The report is a summary report that takes a very hard look at the data level and provides very firm conclusions as an answer. This report doesn't ignore any faults, it looks at the preponderance of evidence. It should be accepted as credible - not necessarily 100% correct, but absolutely credible.
What I found most fascinating in the summary was the statement "it's been a scorcher for all of us" (or words to that effect), which is both untrue (we've had a few hot days here, mostly cool) and refers to WEATHER and not CLIMATE. So, when WEATHER supports the global warming argument, WEATHER is proof. When WEATHER doesn't support the global warming argument, we're told that "WEATHER ISN'T CLIMATE, YOU MOUTH BREATHING KNUCKLE DRAGGER."
Here you must understand the subtlety between climate and weather. You are absolutely correct in saying that present weather is not evidence for or against climate change. Weather is not climate, but the subtlety is that climate is composed of long-term weather patterns. We are not debating that it is a scorcher outside the window, we're noticing that the weather patterns outside the window have been changing year after year in predictable and unpredictable ways. Polar ice caps are shrinking, glaciers are retreating, Antarctic ice flows are increasing - but they are composed of thinner ice more easily broken up during the summer months. The debate of "is it or isn't it changing?" is over, the attempt to fully describe a functional model is well under way.
Which Earth was used to conduct these experiments that provided the evidence? Are we confusing "the scientific method" with "correlation" again?
Our Earth. Which is concerning because for now it's the only one we've got. We have been in the middle of a 200 year experiment where we've been pumping more CO2 and other greenhouse gasses into the atmosphere than have been removed naturally. This is the phase where we're studying the results of that experiment.
Perhaps you need to review what is being tested through the scientific method and not confuse it with the difference between causation and correlation.
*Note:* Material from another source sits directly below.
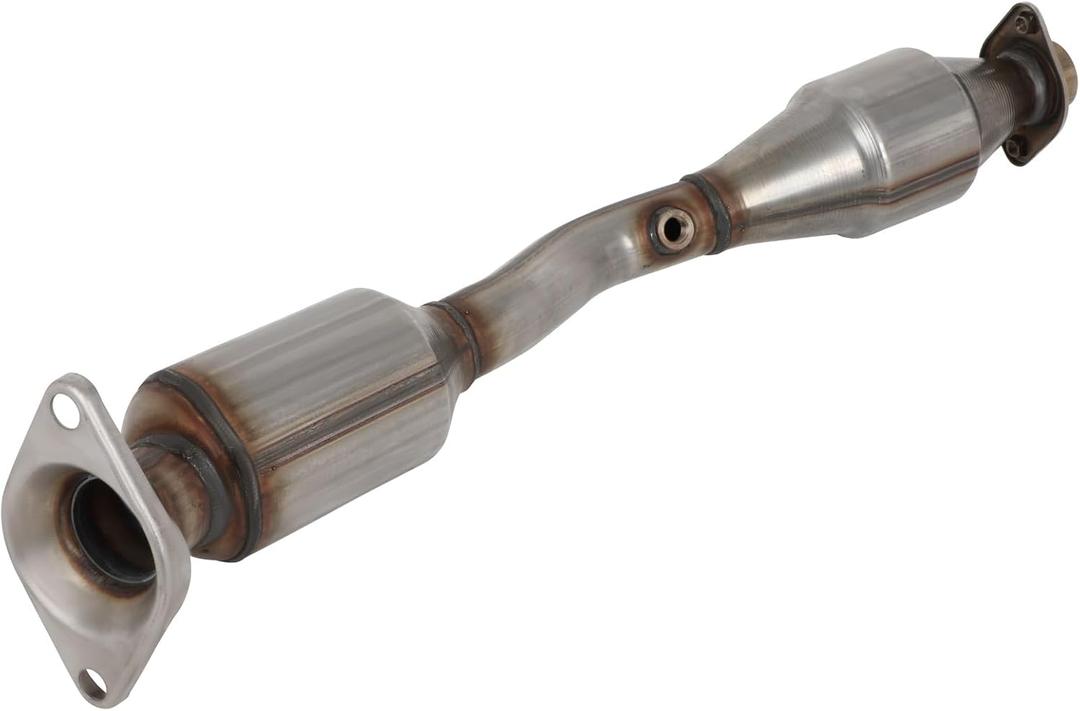 Rear Catalytic Converter 2007-2012 For Nissan For Versa,1.6L,1.8L,Replace 53794(EPA Compliant)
Observations have been noted, hypotheses were postulated, experiments are performed (and repeated) and theories are made. In this case, the theories that are made are a generalized model which tries to encompass all the observations which were taken. We do not have a completed, coherent model, but attempts to find one does not equal correlation.
The provable facts are as simple as looking at the absorption spectrum of CO2. It's testable, it's repeatable, it's accepted. Get closer to the data.
But, as with so many other things, reasonable voices are drowned out by the extremists--
You mean the ones who keep shouting down anyone who dares question the science behind global warming, calling them mouth-breathing knuckle-draggers, even when some of those people doing the questioning are climate scientists? Yes, I agree. Reasonable voices are drowned out, on purpose.
Especially anyone resorting to a strawman argument when the underlying data is accepted as sound. And particularly anyone who argues that the underlying data is infallible because we know we don't have a complete model put together.
Oh, but that whole thing about anthropogenic climate change going on? Yeah, that is on particularly solid ground, at least according to this study which reviews very compelling evidence based on data collected from 10 varied, global indicators. This is good science, subject to good review and based on good data.